The Department for Environment, Food & Rural Affairs (Defra) will invest up to £8 million in innovation projects.

This funding is part of Defra’s Farming Innovation Programme which is delivered in partnership with UKRI’s Transforming Food Production Challenge.

The aim of this competition is to:

  • fund industrial research and experimental development projects that will address major on-farm or immediate post farmgate challenges or opportunities
  • drive the development and demonstration of commercially relevant solutions with the potential to substantially improve overall productivity, profitability, and environmental sustainability
  • support the development of scalable solutions that can be taken up widely, be integrated into existing production systems, and have widespread impact
  • accelerate research development of new solutions by actively engaging collaboration between the agri-food sector and wider UK research community in the innovation process

Your proposal must be able to demonstrate how the project will benefit farmers, growers or foresters in England.

It is your responsibility to ensure you submit your application to the correct competition for your project. You will not be able to transfer your application and it will not be sent for assessment if it is out of scope.

In applying to this competition, you are entering into a competitive process. This competition closes at 11am UK time on the deadline stated.

Eligibility

If your application is successful, any awards given to primary agricultural producers are subject to the green box exemption under the WTO Agreement on Agriculture.

Please see further guidance on green box subsidies WTO Guidance for support in Agriculture. Applicants receiving this type of support must ensure that there is minimal to no distortion of trade and comply with the requirements of Annex 2 of the Agriculture Agreement.

Your project

Your project must:

  • have total costs between £3 million and £5 million
  • start by 1 November 2023
  • end by 30 November 2027
  • last up to 48 months
  • carry out all of its project work in the UK
  • intend to exploit the results from or in England

You must only include eligible project costs in your application.

Under current restrictions, this competition will not fund any procurement, commercial, business development or supply chain activity with any Russian and Belarusian entity as lead, partner or subcontractor. This includes any goods or services originating from a Russian and Belarusian source.

Lead organisation

To lead a project your organisation must:

  • be a UK registered business of any size
  • collaborate with other UK registered organisations
  • be or involve at least one grant claiming micro, small or medium-sized enterprise (SME)
  • involve at least one grant claiming academic institution, research and technology organisation (RTO), charity, not-for-profit or public sector organisation

More information on the different types of organisation can be found in our Funding rules.

Academic institutions cannot lead.


Project team

To collaborate with the lead, your organisation must be a UK based farmer, grower or forester, or a UK registered:

  • business of any size
  • academic institution
  • charity
  • not for profit
  • public sector organisation
  • research and technology organisation (RTO)

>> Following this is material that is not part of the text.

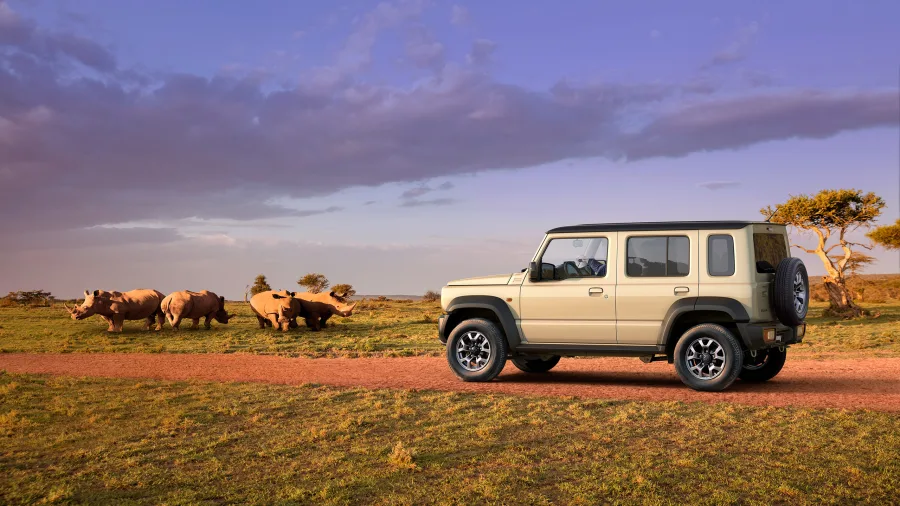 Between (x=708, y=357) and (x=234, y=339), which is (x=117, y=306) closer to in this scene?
(x=234, y=339)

Each partner organisation must be invited into the Innovation Funding Service by the lead to collaborate on a project. Once accepted, partners will be asked to login or to create an account and enter their own project costs into the Innovation Funding Service.

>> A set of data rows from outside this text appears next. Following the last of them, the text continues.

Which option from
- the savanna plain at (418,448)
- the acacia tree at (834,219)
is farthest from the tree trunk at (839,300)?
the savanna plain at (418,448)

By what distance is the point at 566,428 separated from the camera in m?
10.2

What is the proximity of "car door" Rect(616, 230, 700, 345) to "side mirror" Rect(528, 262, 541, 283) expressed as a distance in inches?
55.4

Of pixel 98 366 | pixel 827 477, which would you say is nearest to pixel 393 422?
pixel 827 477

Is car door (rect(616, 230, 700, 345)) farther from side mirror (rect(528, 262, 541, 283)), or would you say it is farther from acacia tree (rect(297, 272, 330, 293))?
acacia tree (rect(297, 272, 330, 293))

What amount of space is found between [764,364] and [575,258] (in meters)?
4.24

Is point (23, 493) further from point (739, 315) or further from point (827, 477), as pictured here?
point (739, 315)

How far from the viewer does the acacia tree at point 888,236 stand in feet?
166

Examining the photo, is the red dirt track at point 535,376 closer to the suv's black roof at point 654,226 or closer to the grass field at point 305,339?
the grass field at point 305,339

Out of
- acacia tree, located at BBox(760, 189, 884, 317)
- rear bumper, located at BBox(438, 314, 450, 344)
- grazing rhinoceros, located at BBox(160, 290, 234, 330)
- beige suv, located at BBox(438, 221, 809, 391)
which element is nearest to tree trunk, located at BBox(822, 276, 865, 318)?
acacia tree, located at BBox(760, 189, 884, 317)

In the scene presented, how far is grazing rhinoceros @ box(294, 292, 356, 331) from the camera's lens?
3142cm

To be an eligible collaboration, the lead and at least one other organisation must apply for funding when entering their costs into the application.

Non-funded partners

Your project can include partners that do not receive any of this competition’s funding, for example non-UK businesses. Their costs will count towards the total project costs.

Subcontractors

Subcontractors are allowed in this competition.

Subcontractors can be from anywhere in the UK and you must select them through your usual procurement process.

You can use subcontractors from overseas but must make the case in your application as to why you could not use suppliers from the UK. You must provide a detailed rationale, evidence of the potential UK contractors you approached and the reasons why they were unable to work with you. We will not accept a cheaper cost as a sufficient reason to use an overseas subcontractor.

All subcontractor costs must be justified and appropriate to the total project costs.

Number of applications

A business can only lead on one application but can be included as a collaborator in a further 2 applications.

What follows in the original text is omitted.